Comparison of inflammatory component roles in bone resorption

	Deletion/inhibition effects on bone resorption (lesion size)[a]
Inflammatory component	Endodontic	Periodontal
IL-1	Reduced	Reduced
IL-1 receptor	Increased[b]	Not tested
TNF-a	No effect	Reduced
TNF receptor	Increased	Reduced
IL-6	Increased	Reduced
Prostaglandins	Reduced	Reduced
IFN-γ	Increased	Reduced
PMNs/monocytes	Reduced[b]	Increased[c]
B- and T-cell (SCID mice)	No effect[b]	Reduced
IL-17	No effect	Increased

Increased bone resorption is consistent with protective effects; reduced resorption consistent with a net destructive effect.

With increased morbidity/mortality noted.

Based on clinical findings of immunodeficiencies.

Neutrophils are active in the development of bone loss associated with endodontic lesions. This has been demonstrated in animals with some neutropenia having a considerable decrease in periapical lesion formation (31). The recruitment of PMNs with chemokines has also been implicated in the pathogenesis of periapical lesions. IL-8/CXCL8 chemokine expression is prominent in periapical lesions, consistent with heavy infiltration by PMNs (32).

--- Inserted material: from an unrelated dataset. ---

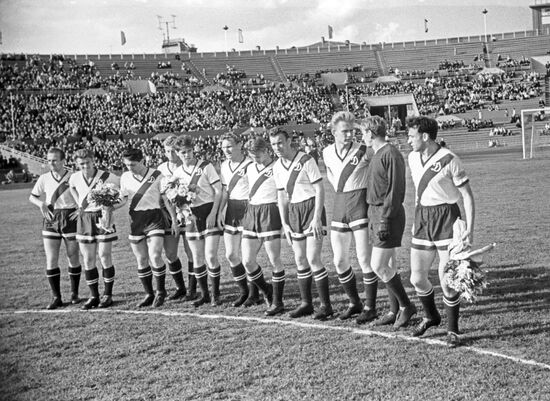 Dynamo football team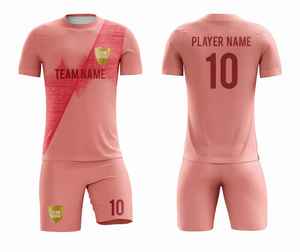 Uniformes Personalizados para Equipos de Fútbol |   Camisetas de Fútbol con Impresión Digital OEM 2026 |   Conjuntos Deportivos Ligeros y Transpirables de Manga Corta y Corte Ajustado - Product Image 1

The recruitment of monocytes is critical in the antimicrobial defense in lesions of endodontic origin. Chemokines and chemokine receptors stimulate innate and adaptive immunity in the periapical environment and in the development of granulomas associated with these lesions (33). Genetic deletion of MCP-1/CCL2, identified in monocytes/macrophages and bone lining cells in endodontic lesions, significantly reduces monocytic infiltrate while increasing the amount of bone resorption (34, 35). Similarly, the absence of the MCP-1 receptor (CCR2) or genetic ablation of CC chemokine receptor five (CCR5) results in an increased amount of apical bone resorption and is associated with higher levels of the osteolytic factors, such as RANKL and cathepsin K (19, 36). Interestingly, activation of the MCP-1/CCL2-CCR2 axis appears to play an active role in mediating the migration of monocytes/macrophages while limiting the infiltration of PMNs (36).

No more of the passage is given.